Ventaquemada is a town and municipality in the Central Boyacá Province, part of the Colombian department of Boyacá. Ventaquemada is located at a distance of 98 km from the capital Bogotá and 29 km from the departmental capital Tunja. The urban centre is situated at an altitude of 2630 m on the Altiplano Cundiboyacense in the Eastern Ranges of the Colombian Andes. Ventaquemada borders Tunja and Samacá in the north, Boyacá, Boyacá, Jenesano and Nuevo Colón in the east, Turmequé and Villapinzón in the south and Guachetá, Lenguazaque and Villapinzón in the west.

== Etymology ==
Former names of Ventaquemada are Padua and La Venta, indicating the commercial centre at a strategical location along the road between Bogotá and Tunja, historically the most important cities of the Altiplano. After the burning of the properties of Albarracín, the name Ventaquemada ("burnt sale") was given to the town.

== History ==
The area of Ventaquemada before the Spanish conquest was populated by the Muisca, who were organised in their loose Muisca Confederation. Ventaquemada was part of the rule of the zaque of Hunza.
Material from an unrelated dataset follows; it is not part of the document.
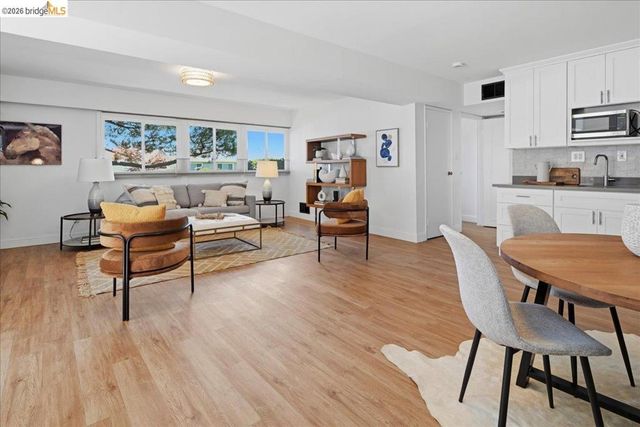 132 Rishell Dr, Oakland, CA 94619
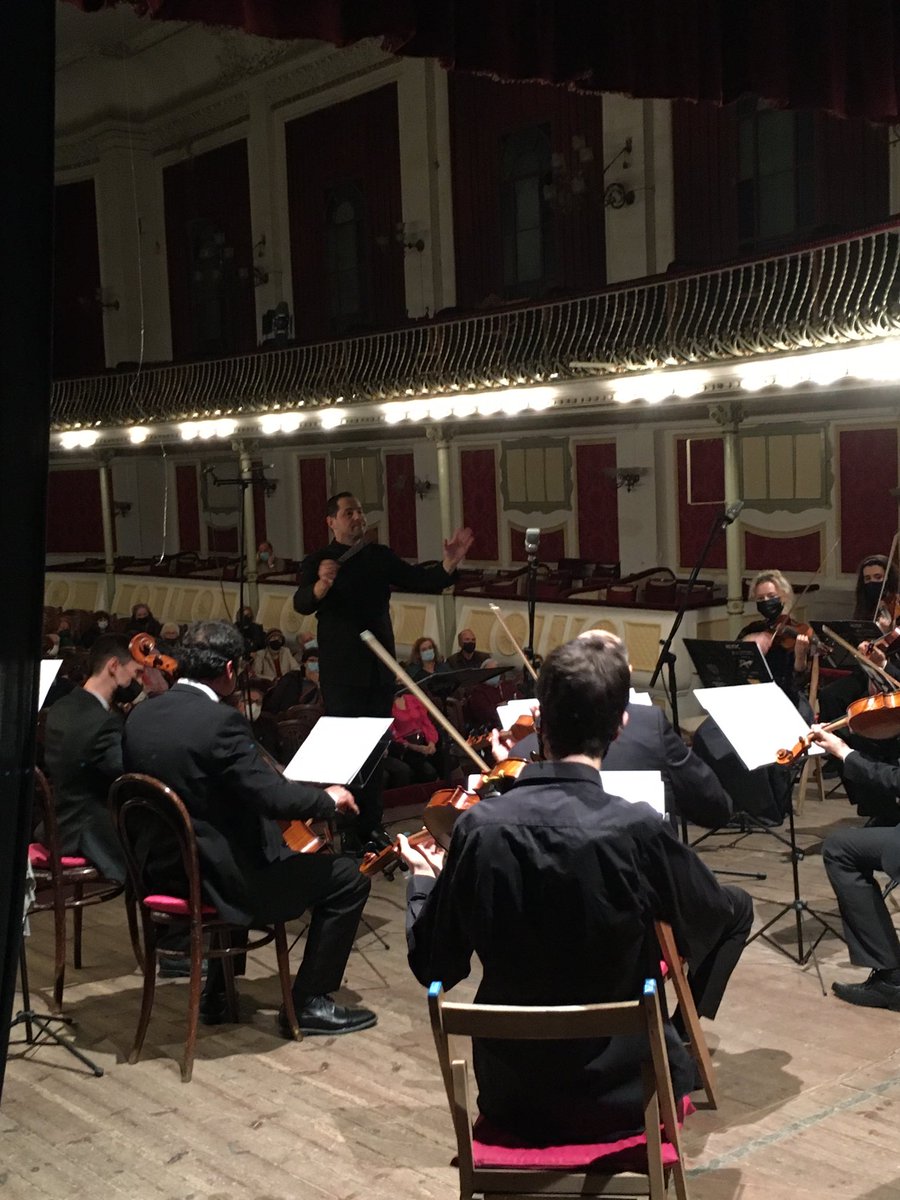 Aquest vespre Filipe Cunha, ⁦<a href="/MelaniMestre/">Melani Mestre</a>⁩ i l’Orquestra Filharmonia Ibèrica han fet història estrenant a Catalunya el primer concert per a piano i orquestra d’un compositor català, Jacint Codina. ⁦<a href="/catalunyamusica/">Catalunya Música</a>⁩ ⁦<a href="/totsmatinsmon/">Tots els matins del món</a>⁩ ⁦<a href="/assaig_general/">Assaig general</a>⁩ ⁦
Modern Ventaquemada was founded on December 17, 1777, by viceroy Manuel Antonio Flórez.

Ventaquemada is close to the Puente de Boyacá, the bridge where the decisive Battle of Boyacá in the struggle for independence of Colombia was fought. Ventaquemada has a classical colonial house and a statue honouring independence hero Simón Bolívar. The train station of Ventaquemada has long been abandoned.

== Economy ==
Main economical activity of Ventaquemada is agriculture; potatoes and maize are the major products cultivated.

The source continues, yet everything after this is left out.